**About this task**
Once the line with "Mercedes-Benz E 320 Авангард 4x4" is reached, output it and every line after it, exactly, through the end of the records below. Pictures are skipped.

-*-

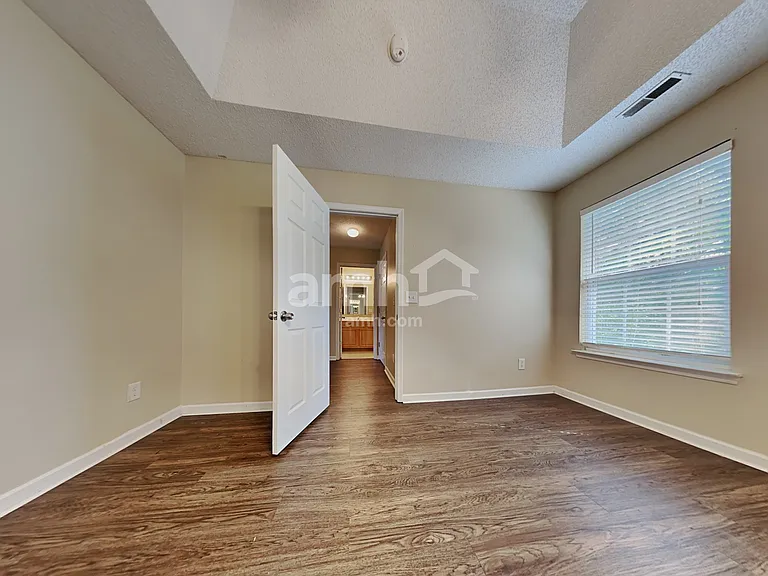 149 Trickle Dr — Photo 10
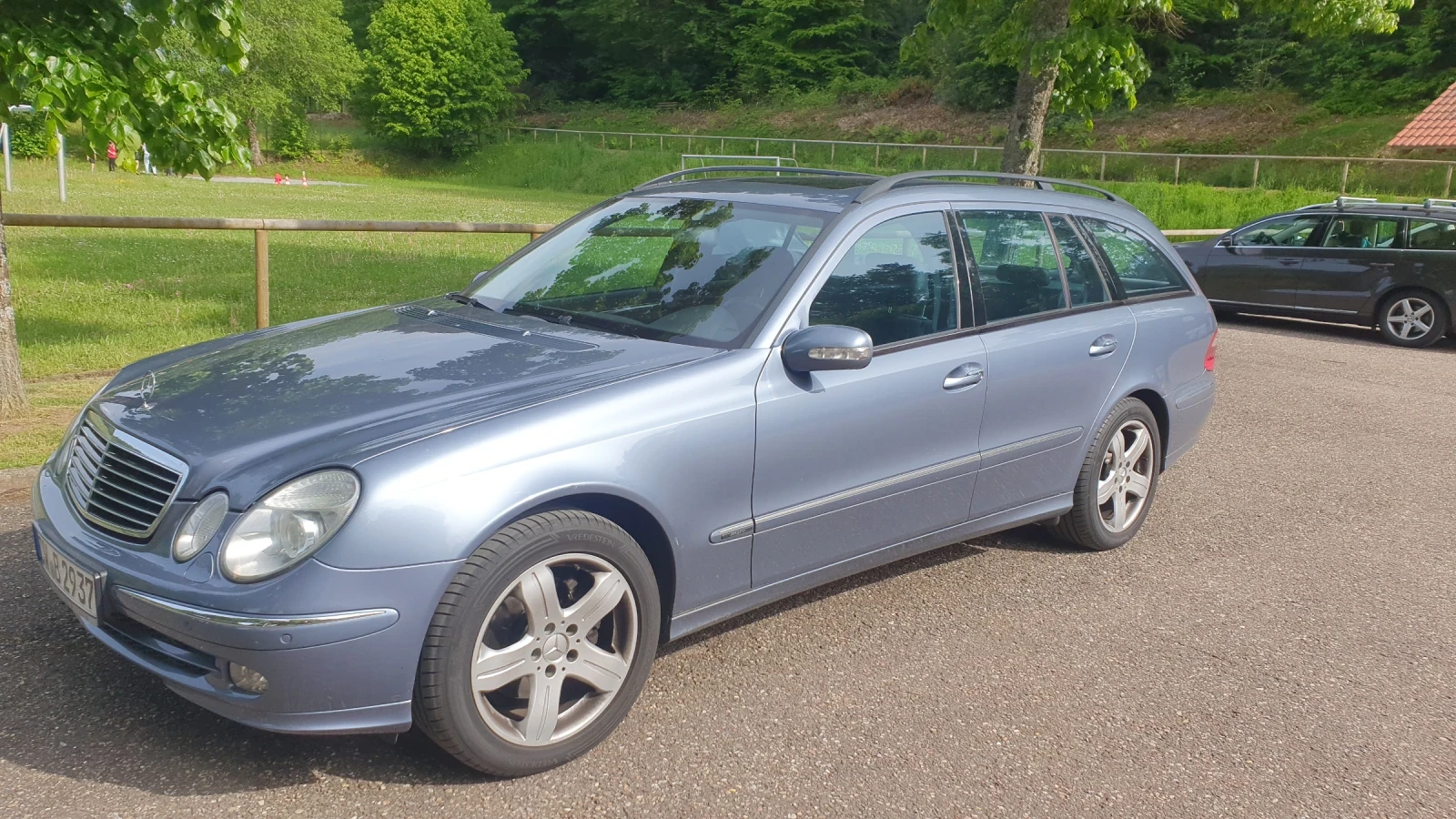 Mercedes-Benz E 320 Авангард 4x4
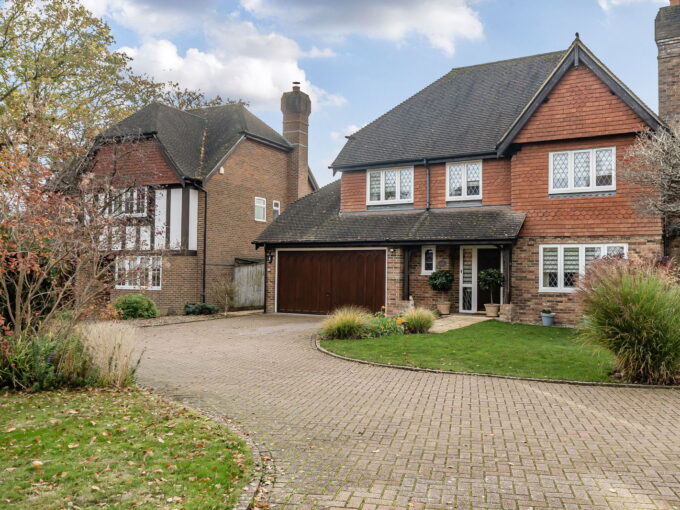 Greshams Way, Edenbridge, TN8 5NY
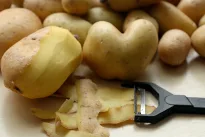 Šias virtuvės atliekas daugelis išmeta, bet serbentų krūmai už jas atsidėkoja dvigubu derliumi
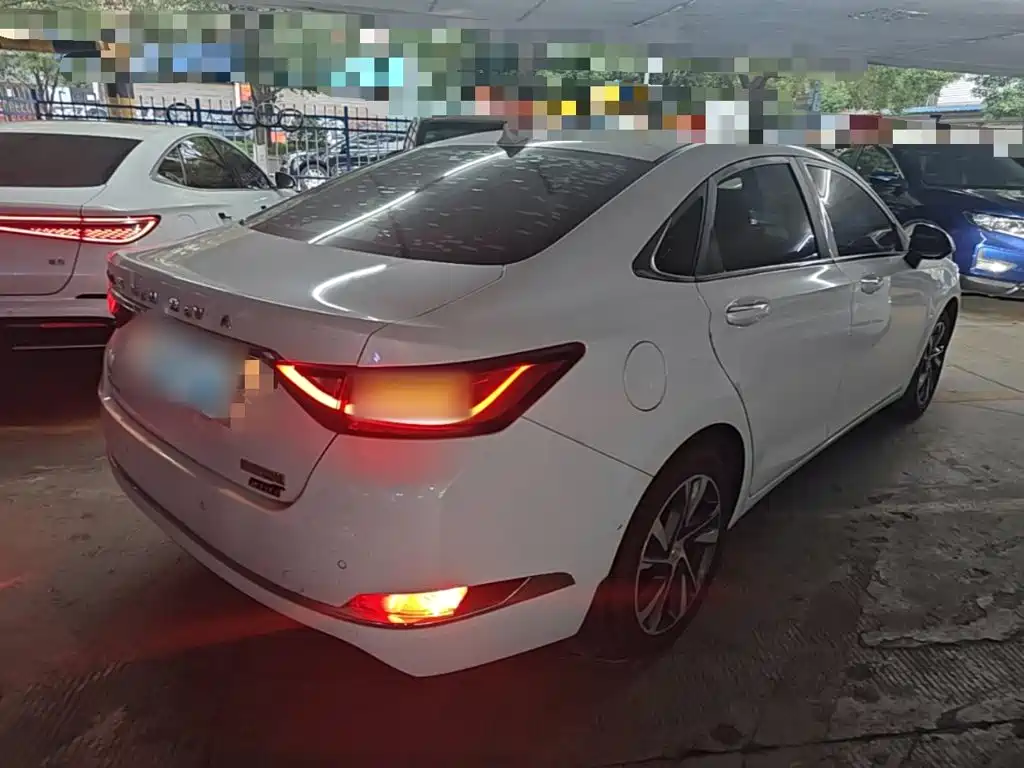 BAIC U7 — миниатюра 7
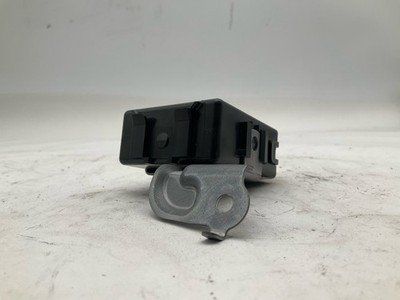 2015-2016 LEXUS ES350 Wiper Control Relay Module OEM 8594033170 with 60k Miles - Image 5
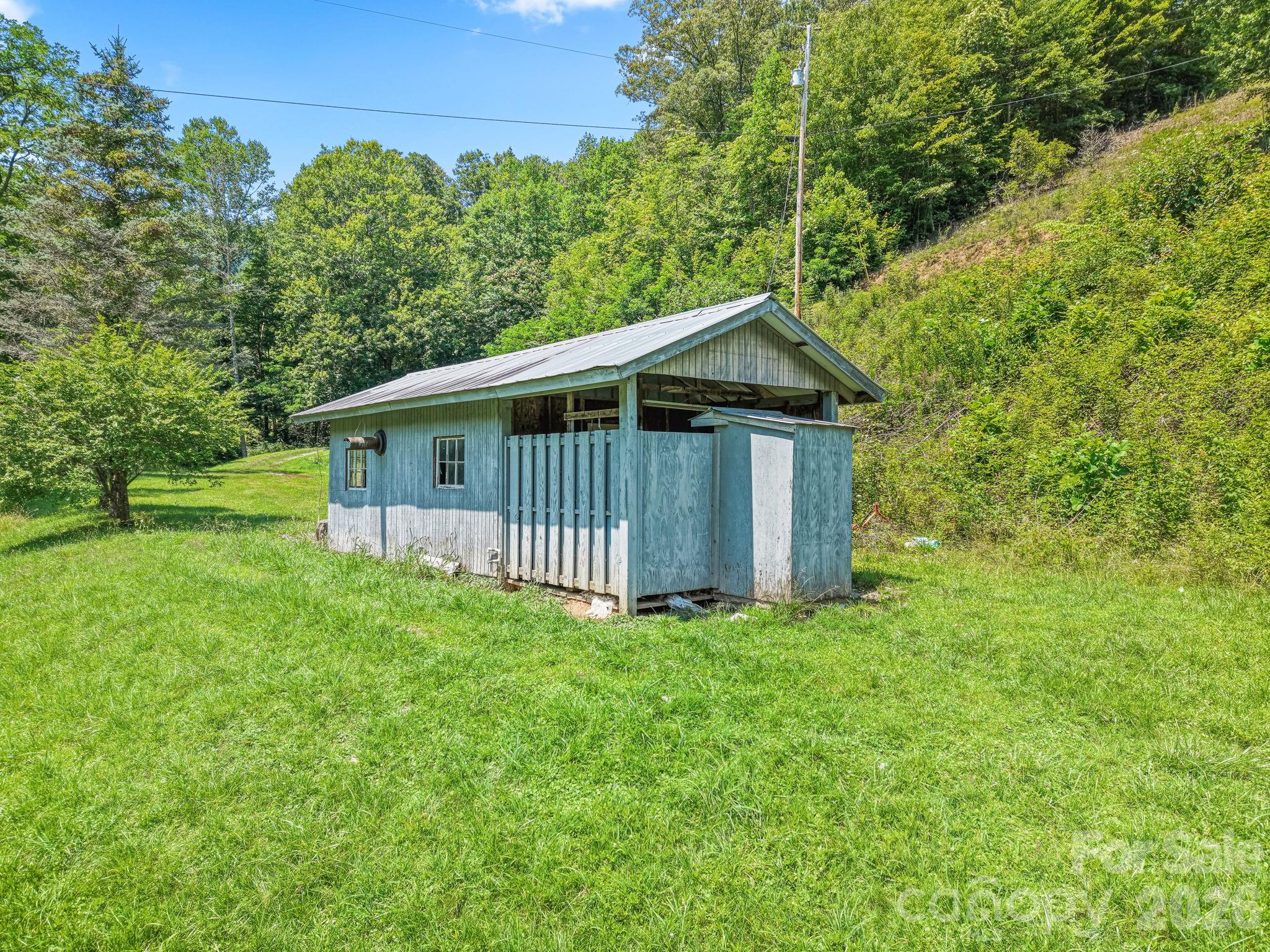 2560 Round Hill Road — Bryson City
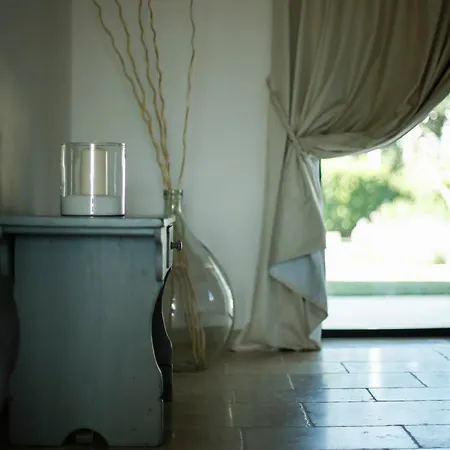 Trulli Di Mezza * チステルニーノ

-*-

**Exercise result**
 Mercedes-Benz E 320 Авангард 4x4
 Greshams Way, Edenbridge, TN8 5NY
 Šias virtuvės atliekas daugelis išmeta, bet serbentų krūmai už jas atsidėkoja dvigubu derliumi
 BAIC U7 — миниатюра 7
 2015-2016 LEXUS ES350 Wiper Control Relay Module OEM 8594033170 with 60k Miles - Image 5
 2560 Round Hill Road — Bryson City
 Trulli Di Mezza * チステルニーノ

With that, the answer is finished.